The weather this year has been abnormally cold. It began during the winter in Marathon. I complained about it here on this blog.
It continued when Libby and I wanted to go camping in the mid-Atlantic states on our way north. The cold weather defeated us and caused us to cancel our plans.
After arriving in Vermont, I thought that we were past the cold spring. We had some nice days, and May 20 (the day of Sara's wedding) was lovely. But since then it has turned cold again.
I in particular am eager to take our canoe out to Valcour Island. But the weather has been so cold and the lake so rough that we can't. (I hope to try again next weekend)
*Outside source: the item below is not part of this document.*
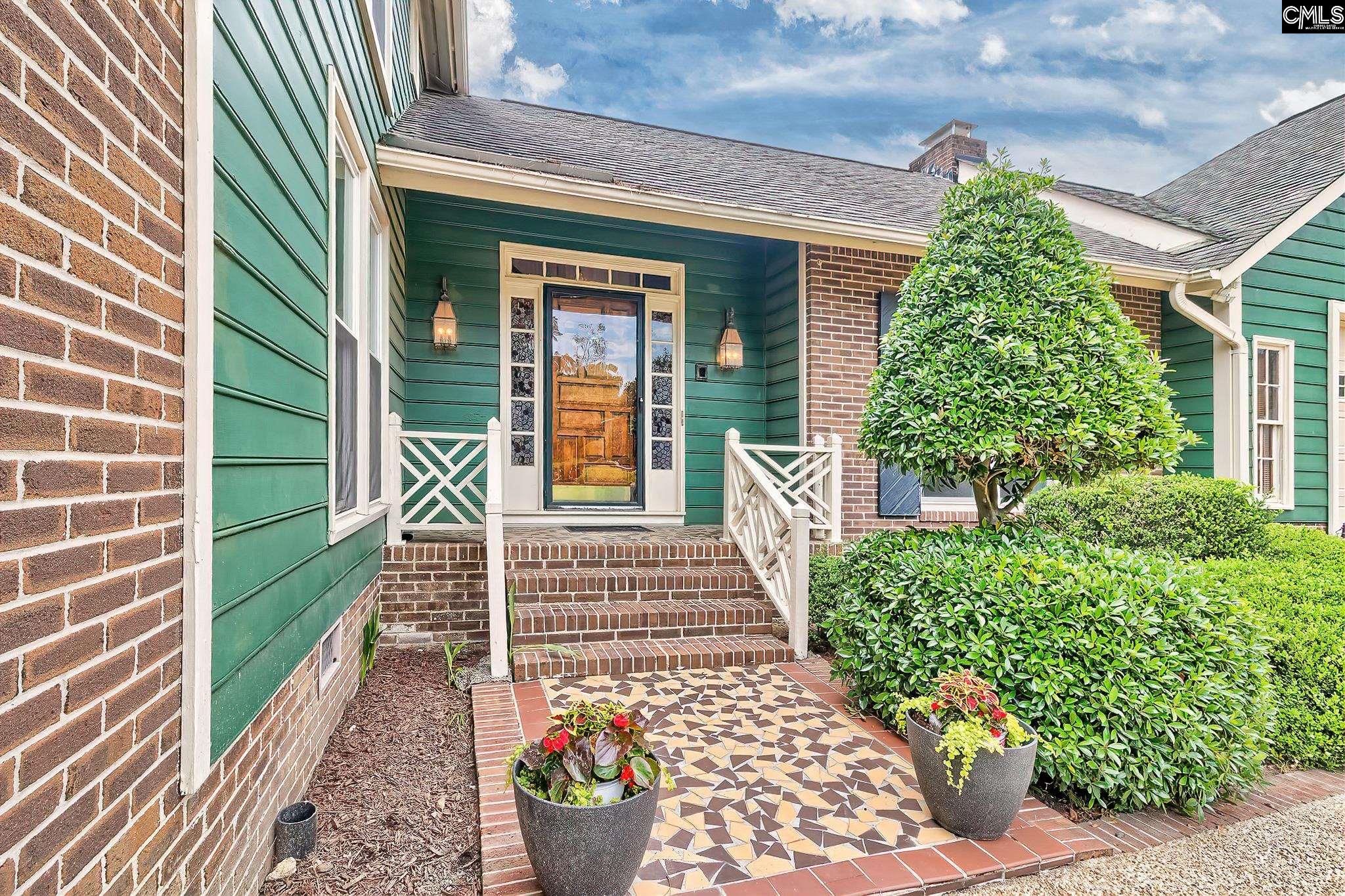 213 Tyborne Circle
But before leaping to the conclusion that all of this is due to Global Cooling ;-), I heard a very interesting story on Vermont Public Radio, about 1816 in Vermont. You can listen to the recording here http://digital.vpr.net/post/1816-year-without-summer, or read about it here The Summer(?) of 1816, or here Year Without a Summer. Indeed, it was not just Vermont, but the whole globe's weather was abnormal that year.
By September, most of Vermont had been a full three months without rain. Fires which swept through parched forest land filled the air with acrid smoke and a general darkness. Another killing frost struck the final blow on the tenth, wiping out whatever had managed to survive to that point.
This having been the worst of a string of bad years, many moved west, thinking the weather had turned permanently. Richford was nearly a ghost town, the remaining few barely surviving; Waterford had so few residents that no Town Meetings were held for several years; Granby's population fell so low that the town gave up its incorporation. Unable to sell their land, many just up and left. New immigration eventually brought in people who had no memory of the hard times.Perhaps scariest of all, 1816 Vermonters reported that from June all through the summer, that the intensity of daylight diminished noticeably day by day. Religious people would of course leap to the conclusion that this was "the end of days" or the Apocalypse, or that the Sun was being extinguished.
You see, 1816 was a year after the 1815 eruption of Mount Tambora in the Dutch East Indies. But local people in Vermont would have known nothing about that back then.
The alternating hot/cold weather in 1816 killed almost all the crops. Farmers sheared their sheep, but where then forced to bundle the wool around the naked sheep to keep them from freezing. Near starvation was the result, and a mass migration of Vermonters to the American Midwest was triggered.
It is an amazing story and it makes the 2016 weather seem like mere child's play. It makes me wonder what the result would be if a similar eruption happened today when we have seven billion mouths to feed (compared to one billion in 1816).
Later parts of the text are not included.